Exercise description – What do the lines say, reproduced word for word, from the first of the entries below through the line bearing "Divine Grace School historical photograph"?

Records for the exercise –

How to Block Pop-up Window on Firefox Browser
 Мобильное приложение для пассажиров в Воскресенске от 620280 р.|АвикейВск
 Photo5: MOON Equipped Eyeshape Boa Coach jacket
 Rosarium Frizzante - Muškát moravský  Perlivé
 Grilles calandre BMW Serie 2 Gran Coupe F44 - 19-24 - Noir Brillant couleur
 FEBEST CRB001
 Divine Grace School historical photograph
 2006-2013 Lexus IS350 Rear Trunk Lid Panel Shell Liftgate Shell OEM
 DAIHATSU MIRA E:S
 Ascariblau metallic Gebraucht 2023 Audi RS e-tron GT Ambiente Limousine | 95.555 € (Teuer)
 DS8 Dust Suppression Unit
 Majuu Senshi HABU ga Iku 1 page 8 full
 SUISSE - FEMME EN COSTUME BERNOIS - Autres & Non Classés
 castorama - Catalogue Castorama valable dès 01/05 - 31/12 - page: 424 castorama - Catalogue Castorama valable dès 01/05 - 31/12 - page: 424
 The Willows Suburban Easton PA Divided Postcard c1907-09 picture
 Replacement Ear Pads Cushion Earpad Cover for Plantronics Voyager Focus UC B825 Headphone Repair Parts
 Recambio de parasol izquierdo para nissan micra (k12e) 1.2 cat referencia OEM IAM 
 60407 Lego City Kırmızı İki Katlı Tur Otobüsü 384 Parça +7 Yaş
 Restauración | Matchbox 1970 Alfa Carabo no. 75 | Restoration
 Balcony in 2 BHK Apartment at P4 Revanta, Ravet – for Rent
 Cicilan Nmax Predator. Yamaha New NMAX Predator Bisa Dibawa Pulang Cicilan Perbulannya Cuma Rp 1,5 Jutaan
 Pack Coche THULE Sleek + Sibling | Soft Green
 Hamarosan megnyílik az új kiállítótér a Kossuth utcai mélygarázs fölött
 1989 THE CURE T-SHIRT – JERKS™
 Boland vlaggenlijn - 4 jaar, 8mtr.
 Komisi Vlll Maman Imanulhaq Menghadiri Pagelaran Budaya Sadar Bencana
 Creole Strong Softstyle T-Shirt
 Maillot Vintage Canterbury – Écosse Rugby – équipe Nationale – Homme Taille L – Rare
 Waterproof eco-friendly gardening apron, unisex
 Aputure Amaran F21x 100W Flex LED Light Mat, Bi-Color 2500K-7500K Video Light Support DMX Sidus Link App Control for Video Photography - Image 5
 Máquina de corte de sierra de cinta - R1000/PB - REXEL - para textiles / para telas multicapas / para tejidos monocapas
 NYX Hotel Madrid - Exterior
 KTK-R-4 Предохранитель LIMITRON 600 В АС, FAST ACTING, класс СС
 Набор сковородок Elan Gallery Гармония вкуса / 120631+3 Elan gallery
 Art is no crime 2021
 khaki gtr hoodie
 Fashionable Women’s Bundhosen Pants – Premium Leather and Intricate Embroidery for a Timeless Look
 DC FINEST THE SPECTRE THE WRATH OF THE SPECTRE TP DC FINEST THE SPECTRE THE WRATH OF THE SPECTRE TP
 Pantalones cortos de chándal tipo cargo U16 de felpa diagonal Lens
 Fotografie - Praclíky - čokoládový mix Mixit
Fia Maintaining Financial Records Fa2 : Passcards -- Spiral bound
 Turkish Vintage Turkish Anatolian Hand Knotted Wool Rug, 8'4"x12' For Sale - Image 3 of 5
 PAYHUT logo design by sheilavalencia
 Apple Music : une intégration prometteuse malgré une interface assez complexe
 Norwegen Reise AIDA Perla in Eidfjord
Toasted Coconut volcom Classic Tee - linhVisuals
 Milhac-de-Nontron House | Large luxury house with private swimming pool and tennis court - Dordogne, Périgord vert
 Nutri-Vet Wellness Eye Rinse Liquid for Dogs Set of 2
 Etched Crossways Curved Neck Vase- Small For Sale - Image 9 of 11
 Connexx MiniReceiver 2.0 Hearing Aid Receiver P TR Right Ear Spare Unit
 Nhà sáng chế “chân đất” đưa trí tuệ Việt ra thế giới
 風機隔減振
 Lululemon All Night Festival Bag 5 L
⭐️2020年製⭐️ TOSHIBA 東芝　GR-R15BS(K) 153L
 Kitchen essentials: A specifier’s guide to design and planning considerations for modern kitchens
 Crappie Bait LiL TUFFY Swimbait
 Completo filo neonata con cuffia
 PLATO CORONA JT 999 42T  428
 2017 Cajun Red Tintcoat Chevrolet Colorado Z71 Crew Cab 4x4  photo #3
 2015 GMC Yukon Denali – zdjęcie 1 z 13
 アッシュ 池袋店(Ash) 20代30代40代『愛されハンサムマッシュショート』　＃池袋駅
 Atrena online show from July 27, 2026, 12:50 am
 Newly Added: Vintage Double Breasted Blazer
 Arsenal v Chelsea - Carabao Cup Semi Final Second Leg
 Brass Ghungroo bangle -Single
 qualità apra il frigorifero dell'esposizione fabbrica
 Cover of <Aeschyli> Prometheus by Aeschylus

Answer box –
How to Block Pop-up Window on Firefox Browser
 Мобильное приложение для пассажиров в Воскресенске от 620280 р.|АвикейВск
 Photo5: MOON Equipped Eyeshape Boa Coach jacket
 Rosarium Frizzante - Muškát moravský  Perlivé
 Grilles calandre BMW Serie 2 Gran Coupe F44 - 19-24 - Noir Brillant couleur
 FEBEST CRB001
 Divine Grace School historical photograph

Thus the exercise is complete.